Directions:
Give again, exactly as written, the lines of the records below from the line with "to use Stable" to the line with "My customized Legend". Both end lines count; pictures do not.
(Beginning of Material for this task)
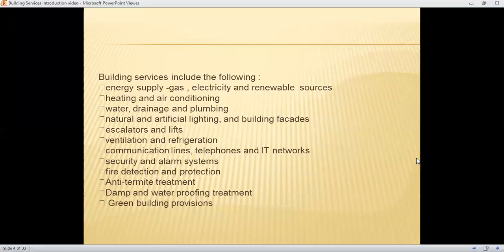All these services are required for any type of building being constructed. The basic requirements are energy, heating and cooling, water supply, and a proper drainage system. The plumbing system, which includes pipelines for water supply and drainage, should be in place. Security facilities and alarm systems should also be provided, and nowadays green building provisions must be followed.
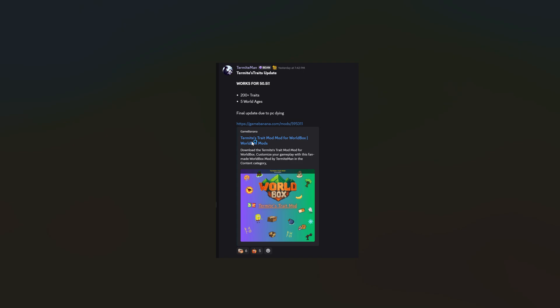You can download any other mod, but pretty much just go to that and then you click GameBanana.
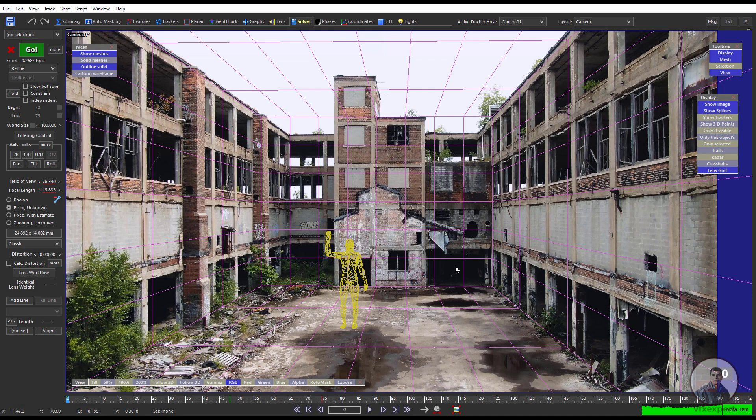Hello guys, welcome back to my channel VFX Expert. In today's class we are going to see how to export a camera track from Synthesize to Maya.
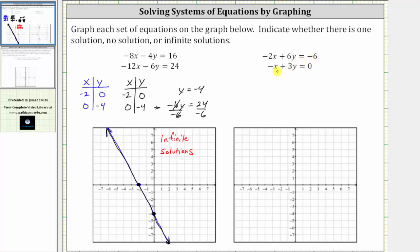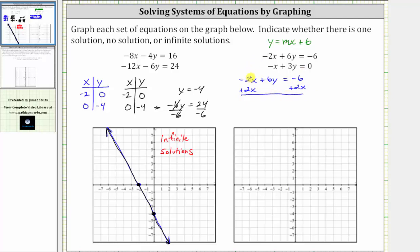Now for the second system of equations, let's graph both lines by writing the equations in slope-intercept form y equals mx plus b, where b is the y-intercept and m is the slope. Beginning with the first equation, we need to isolate the six y by adding two x to both sides. Simplifying, we have six y equals two x minus six. To solve for y, we divide both sides by six. Simplifying, we have y equals two-sixths x, which simplifies to one-third x, and then minus six divided by six gives us minus one.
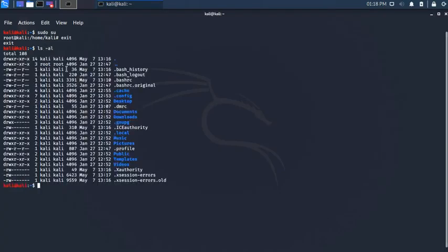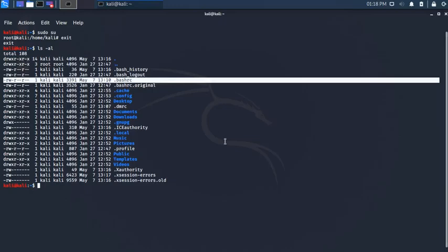Now make sure that you are in the Kali directory. Type there ls-al and edit the .bashrc.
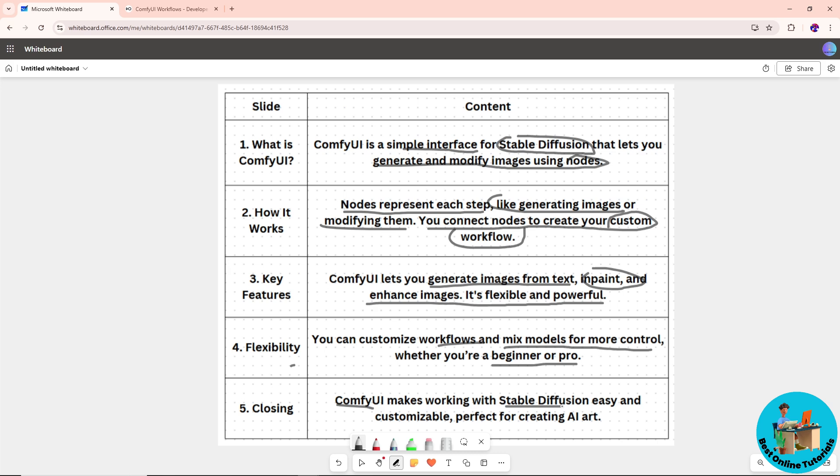to use Stable Diffusion because it's customizable and perfect for creating AI art.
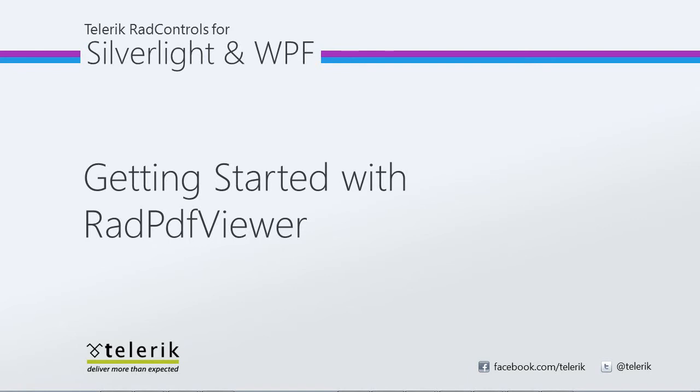The RAD PDF Viewer Control allows you to view PDF documents right within your Silverlight applications without the need for an external viewer. You can scroll,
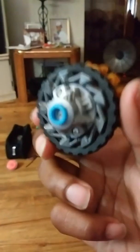My customized Legend Spriggan Double-O Blitz Rubber. Let's just do some battles.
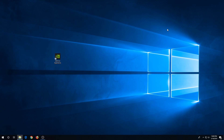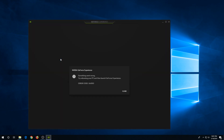What's up everybody. In this video I'm going to show you how to fix GeForce Experience error. When you double click on the GeForce Experience icon and you're getting this error, something went wrong, here's what you need to do. Close this window.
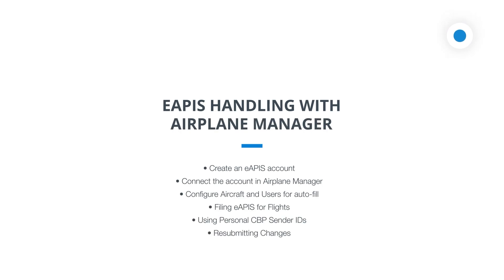Welcome to the Airplane Manager tutorial series. Today we're diving into our eAPIS integration feature designed to streamline your international flight preparations directly through our platform.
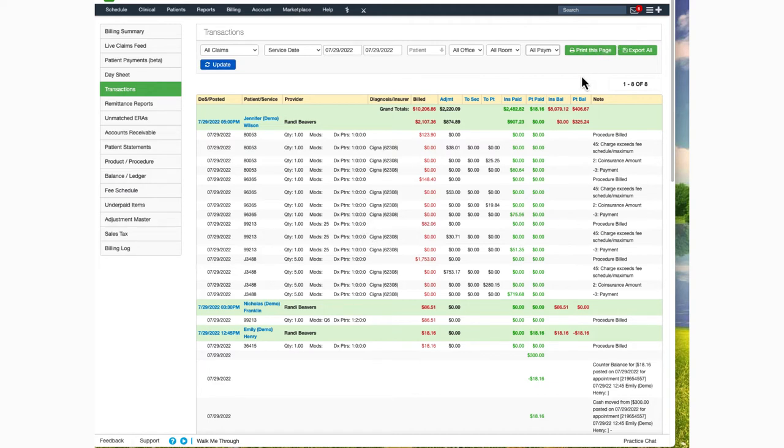You can print the current page view or export the information to a CSV file, which you'll find in your message center.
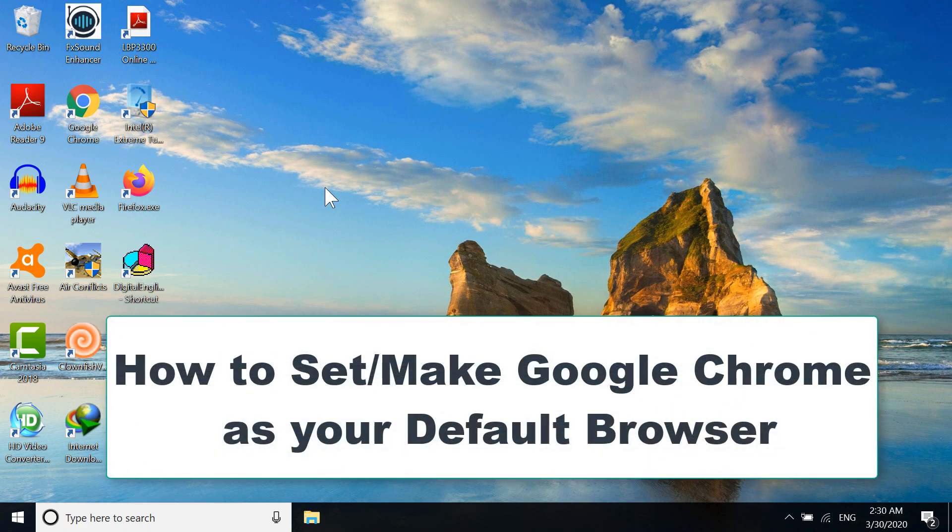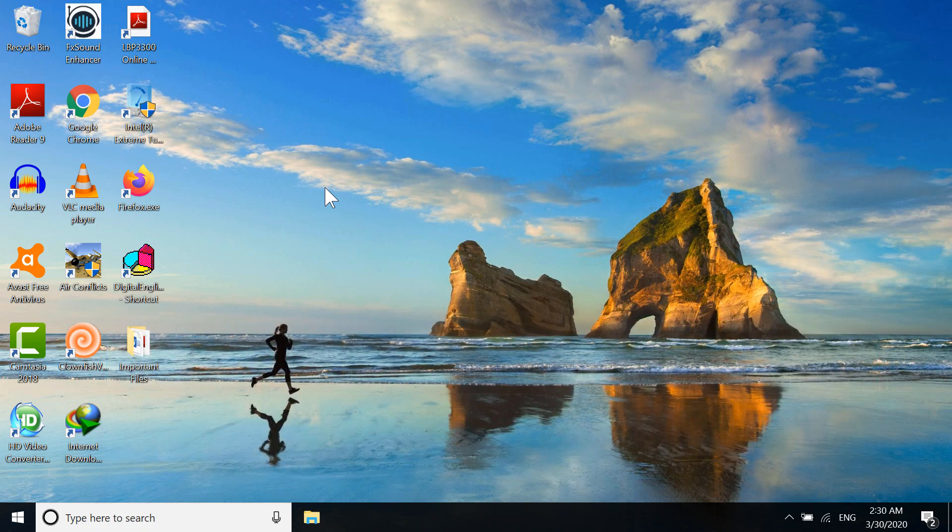Hi everyone, today I'm going to show you how to set Google Chrome as your default browser in Windows 10. If you want to change your default browser from Microsoft Edge, which is the normal browser on Windows 10, to Google Chrome, you can do this by the simple method I'm going to show you in this video.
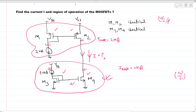However, this is a series path, so only one current can flow. The maximum current from the NMOS mirror is 1 milliamp and from the PMOS mirror it is 2 milliamps. So what is the consistent solution? The 1 milliamp current is the consistent solution.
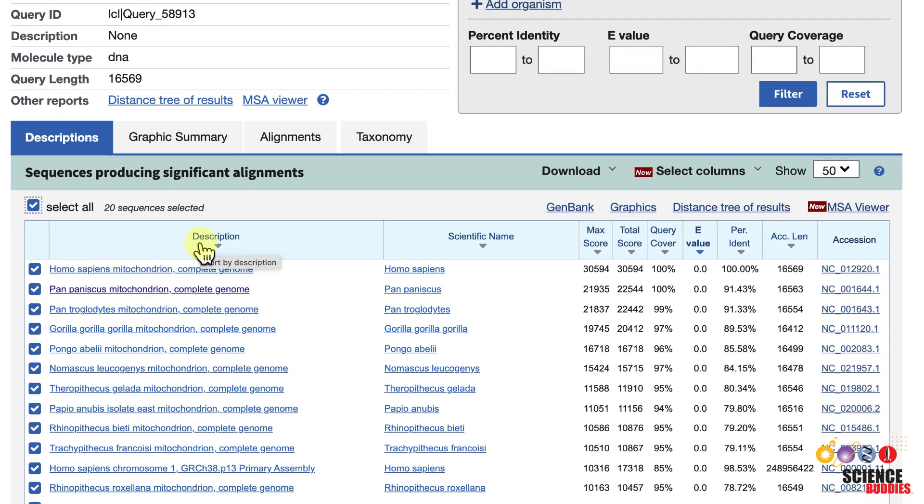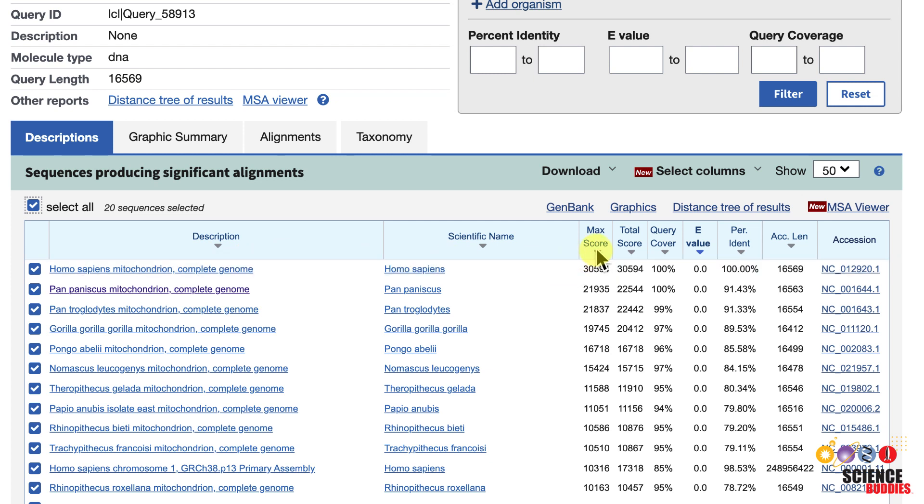The table provides following information: the description or title of the matched database sequence, the maximum and total alignment score for the database sequence, the query coverage, which is the percentage of the query sequence that is covered by the database sequence alignment, and the expect or e-value of the database sequence.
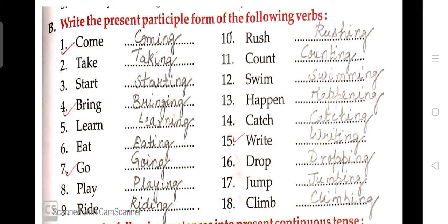Now Exercise B — in this you have to write the present participle form of the following verbs. That means, given verbs you have to form into present participle by adding -ing.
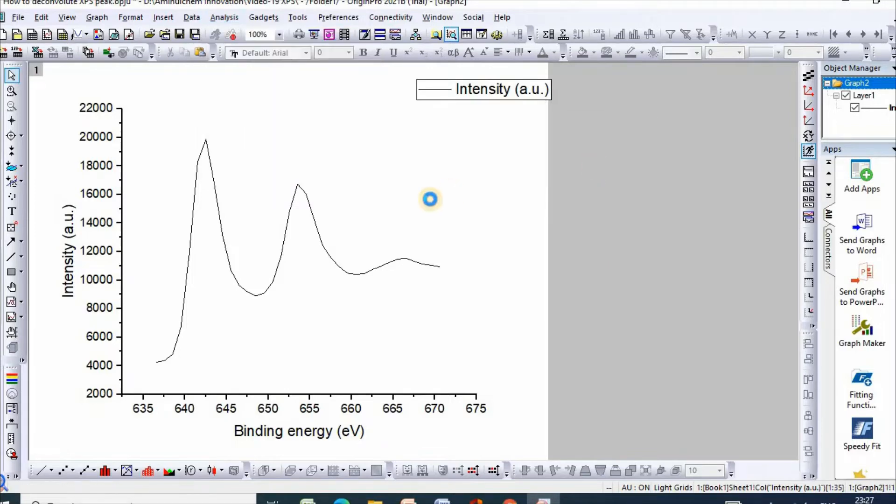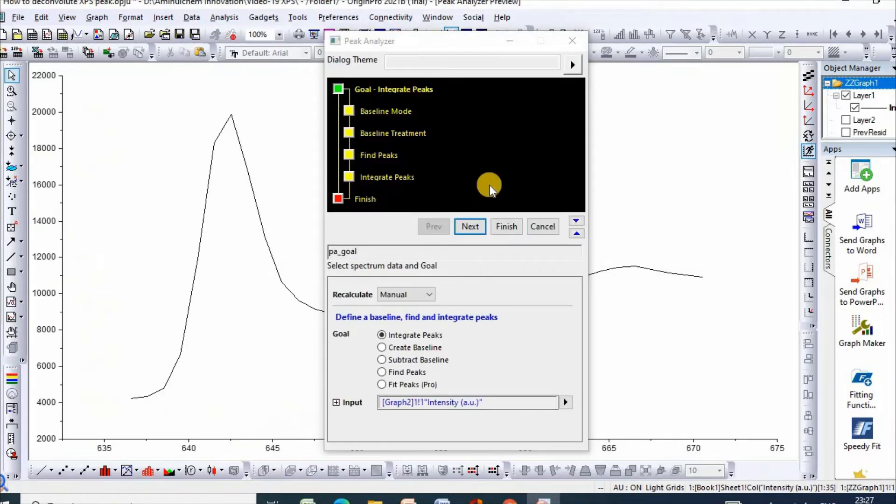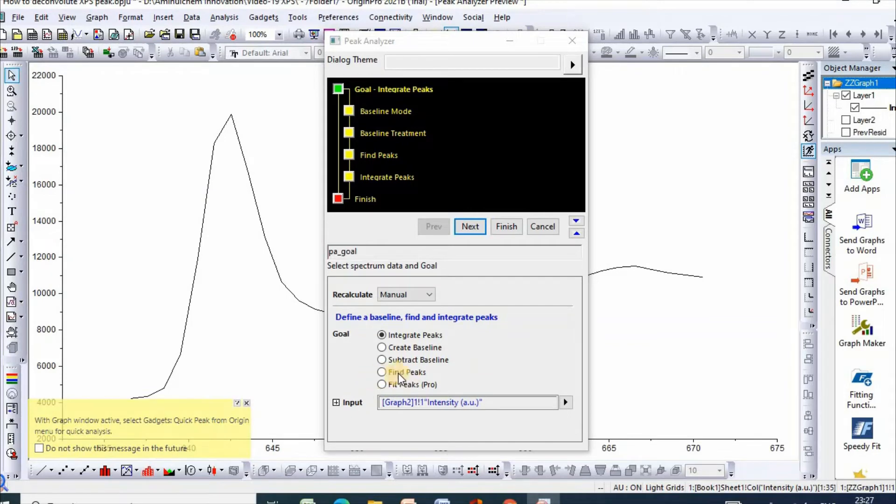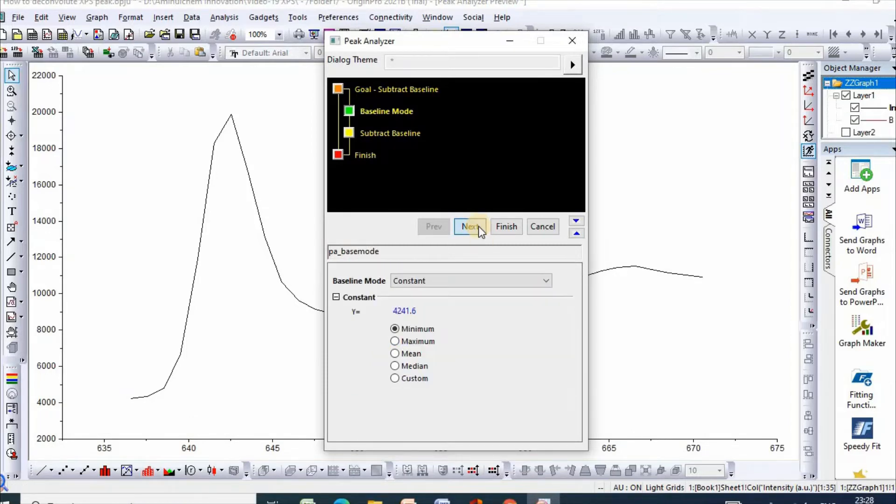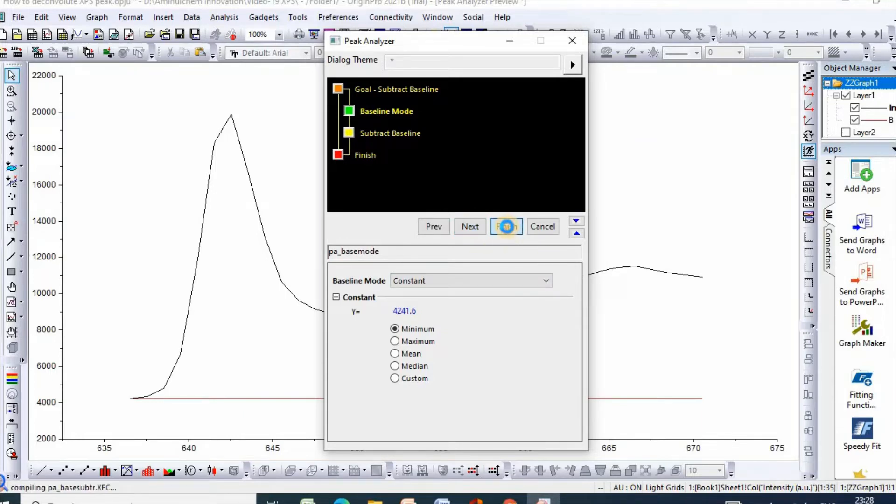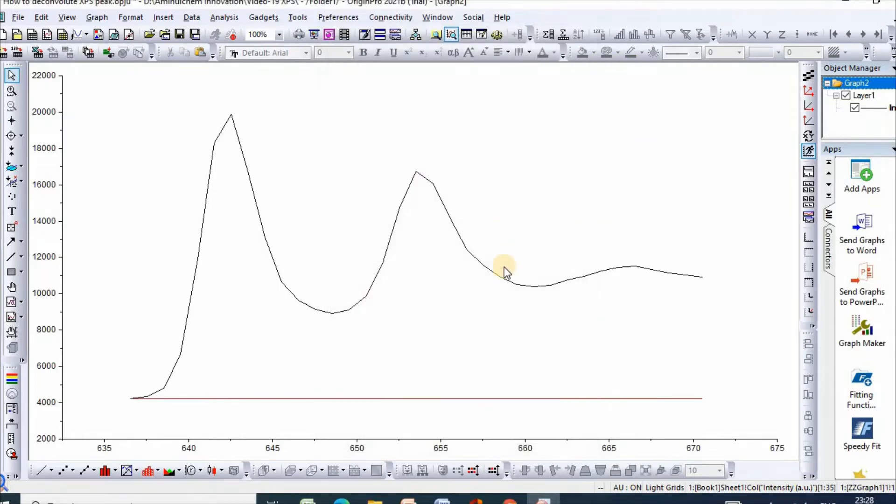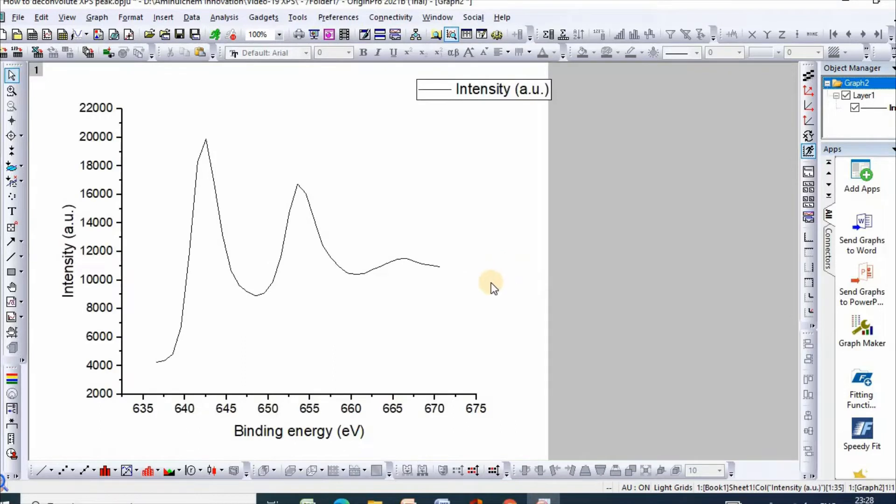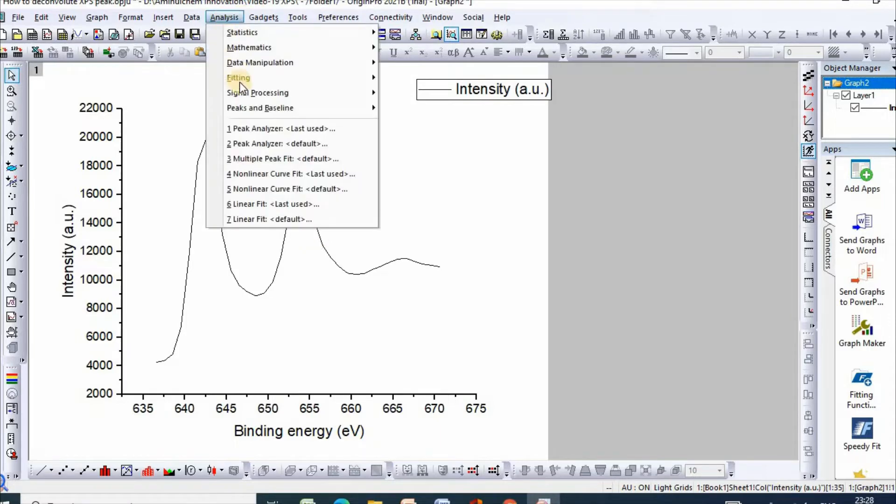Open dialog, then select Subtract, Subtract Baseline, then Next, then Finish. After baseline correction, go to Analysis, then Peak and Baseline.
(End of Material for this task)
Response area:
to use Stable Diffusion because it's customizable and perfect for creating AI art.
The RAD PDF Viewer Control allows you to view PDF documents right within your Silverlight applications without the need for an external viewer. You can scroll,
My customized Legend Spriggan Double-O Blitz Rubber. Let's just do some battles.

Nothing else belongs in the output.